Overall, I think you are indeed following the core concepts and instructions of this lesson fairly well - there are a couple issues that I want to address, but as far as your concerns that you're doing something inherently wrong, I think you're probably fine on that front.

Starting with your form intersections, these demonstrate a really clear grasp of how forms interact with one another in 3D space. You're handling especially complicated intersections with a lot of confidence (like those between spheres and cylinders), so I'm pleased with your results there.

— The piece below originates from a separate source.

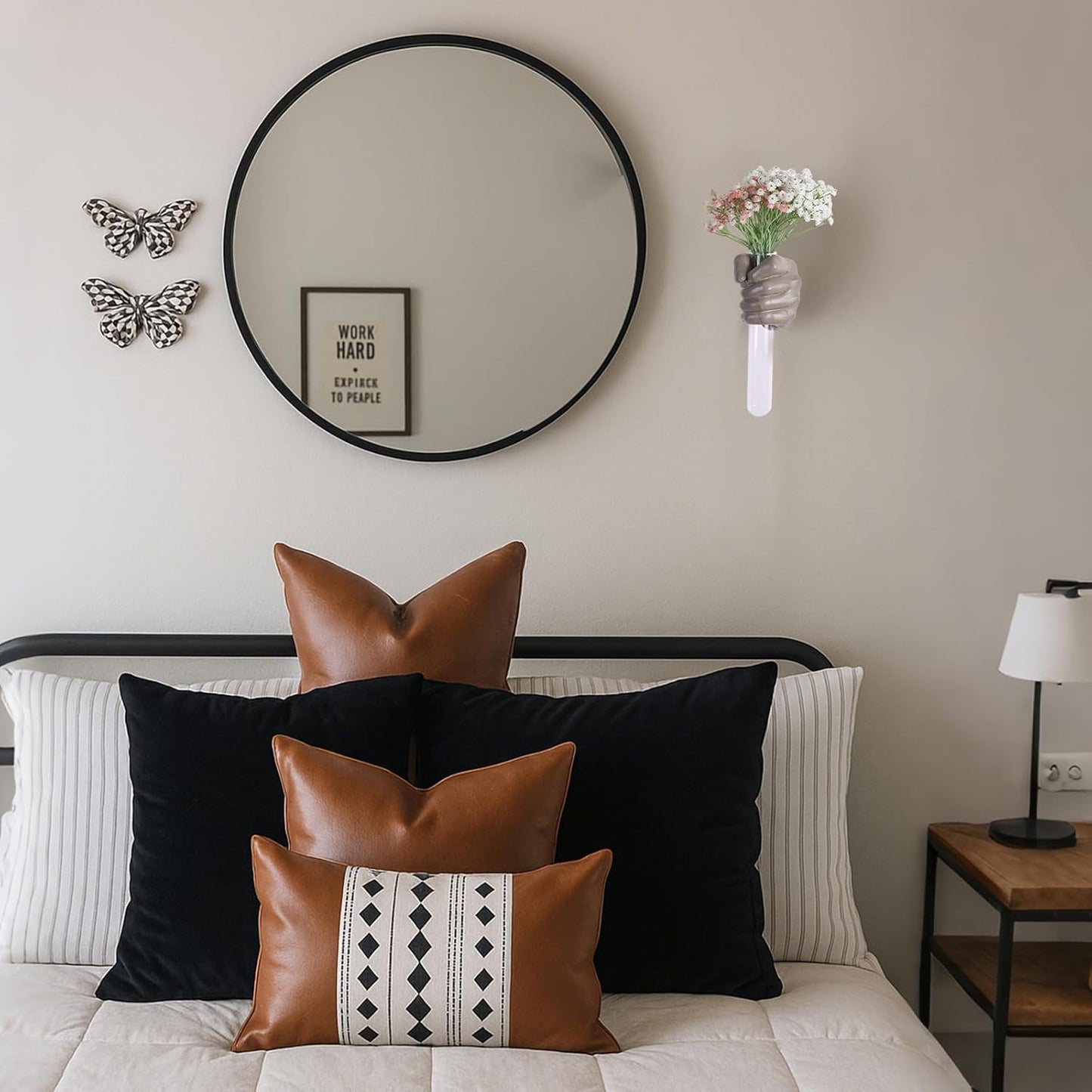 Wall Sculptures, Hand Vases Home Decor, Wall Mount Art Sculpture, Unique Wall Art Statue, Funky Flower Vase Decorations, Modern Eclectic Hanging Decor,Glass Test Tube Vase (Beige)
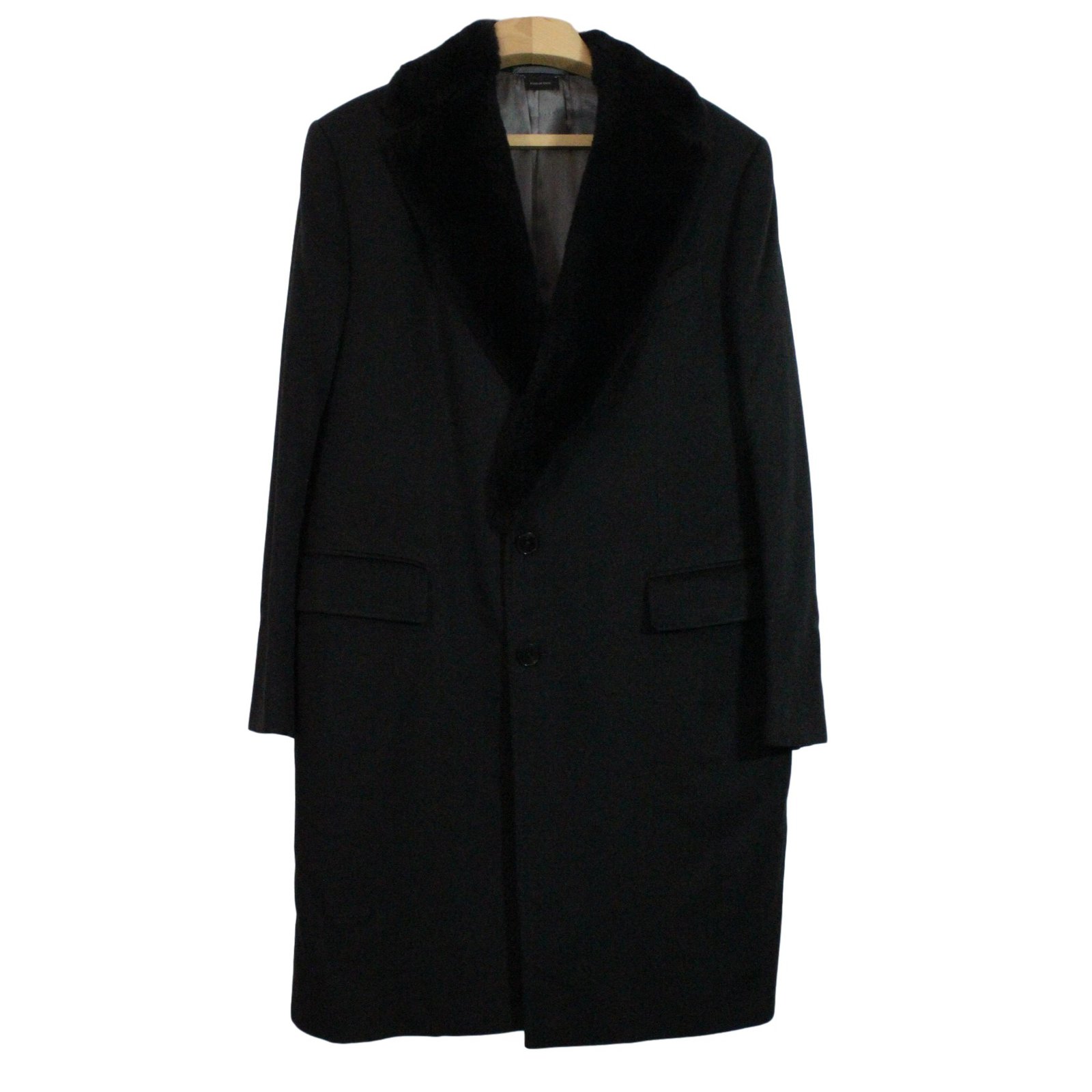 Ermenegildo Zegna Mink collar Cashmere Coat Black ref.26492 - Joli Closet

Moving onto the actual meat of the lesson, the first issue I want to point out is actually very minor, but still something to be aware of. In the instructions where I mention that you can use a variety of different tools to help, I point out that regardless of what kind of pen you choose to use, you should use the same one throughout the drawing. This also includes matters of colour. The reason is simple - I don't want students to treat the subdivisions and the drawing itself as being separate things that could ostensibly be removed from one another. More specifically, I don't want students to go on to redraw the entirety of their drawing on a grid - instead, I want their drawing to incorporate the lines from the grid, and to use line weight to help create the sense of separation, of which lines are coming out and which lines are being left in the back. Part of this is because I want to avoid issues where students try to trace back over their grids - tracing itself is something that usually results in students focusing too much on how their lines run across the flat page, rather than how they represent a three dimensional edge in space.

Moving on, I think you definitely show improvement over the set. With your first drawing - the game controller - you rely on the subdivision a lot less than you really should, and end up guessing the positioning of things like buttons and joysticks relative to one another, instead of firmly establishing those locations in space based on more specific relationships. This is something you dig into much deeper in later drawings, pushing your subdivisions a lot further to find more specific positionings for things, like with the speaker box, the xbox, and the light bulb.

Also, in the game controller, you have the sides stick right out of the enclosing box, and generally have a much looser relationship between the constructional elements, the straight, measured, solid scaffolding, and the more organic, curving elements of the construction. Remember that as discussed here in the lesson, curves are a last-step thing. We want to make sure everything is built out to be really specific in terms of how it sits in space, with straight/flat surfaces and edges, then rounding them out as needed. You can see an example of a controller taken much further in terms of building out the scaffolding here. Even this one could have been taken further, but it is definitely still very specific and quite precise.

When it comes to the fact that the controller stuck out of its enclosing box, we run into a similar issue in this perfume bottle, although this one was handled somewhat better because of how it still clung to the side of the form. That said, it would have been much better for you to have extended the box out on either side (using this mirroring technique to extend either side out by the same amount), then built out the protrusions for each side (using subdivision to position them accurately), and then smoothed it all out in the end. Your approach here definitely skipped some steps, and as a result the left side appears to stick out a lot more than the right side.

The last thing I want to mention is that this drawing was definitely planned out more thoroughly than the others, but you missed an opportunity to apply the orthographic drawings (the side/bottom/front) more effectively. What you could have done was study the specific proportions of each side - find whether a certain feature should be positioned halfway down one side, a quarter, an eighth, etc. and get specific subdivisions in place to properly place every little feature. Additionally, the drawing itself ended up being really small, which definitely restricted your ability to work through those spatial problems.

All things considered, I feel the issues are more that you could have pushed a number of these drawings further in how far you took the more tedious steps. The core understanding of how things were applied was fine - it's just that you perhaps didn't exhibit the patience required to really push each drawing to its fullest extent.

Keep this in mind as you continue moving forwards. I am certainly satisfied enough to mark this lesson as complete however, so you'll need to demonstrate these qualities in later lessons.